- Recorded data
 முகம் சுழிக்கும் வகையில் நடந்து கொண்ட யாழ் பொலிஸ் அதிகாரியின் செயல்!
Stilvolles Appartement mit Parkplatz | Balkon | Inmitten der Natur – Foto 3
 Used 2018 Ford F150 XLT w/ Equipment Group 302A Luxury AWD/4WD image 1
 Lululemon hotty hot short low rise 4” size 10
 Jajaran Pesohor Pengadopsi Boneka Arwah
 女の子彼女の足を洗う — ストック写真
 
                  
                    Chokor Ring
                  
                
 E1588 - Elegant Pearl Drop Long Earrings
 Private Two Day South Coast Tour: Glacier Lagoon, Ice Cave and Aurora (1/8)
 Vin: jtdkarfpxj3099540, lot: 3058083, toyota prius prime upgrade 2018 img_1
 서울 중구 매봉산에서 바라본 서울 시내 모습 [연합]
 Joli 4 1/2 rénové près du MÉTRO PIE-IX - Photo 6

- Problem
Look back at the entries above. Retype the line with "Chokor Ring", the line with "Vin: jtdkarfpxj3099540, lot: 3058083, toyota", and all lines in between.

- Exercise solution
                    Chokor Ring
                  
                
 E1588 - Elegant Pearl Drop Long Earrings
 Private Two Day South Coast Tour: Glacier Lagoon, Ice Cave and Aurora (1/8)
 Vin: jtdkarfpxj3099540, lot: 3058083, toyota prius prime upgrade 2018 img_1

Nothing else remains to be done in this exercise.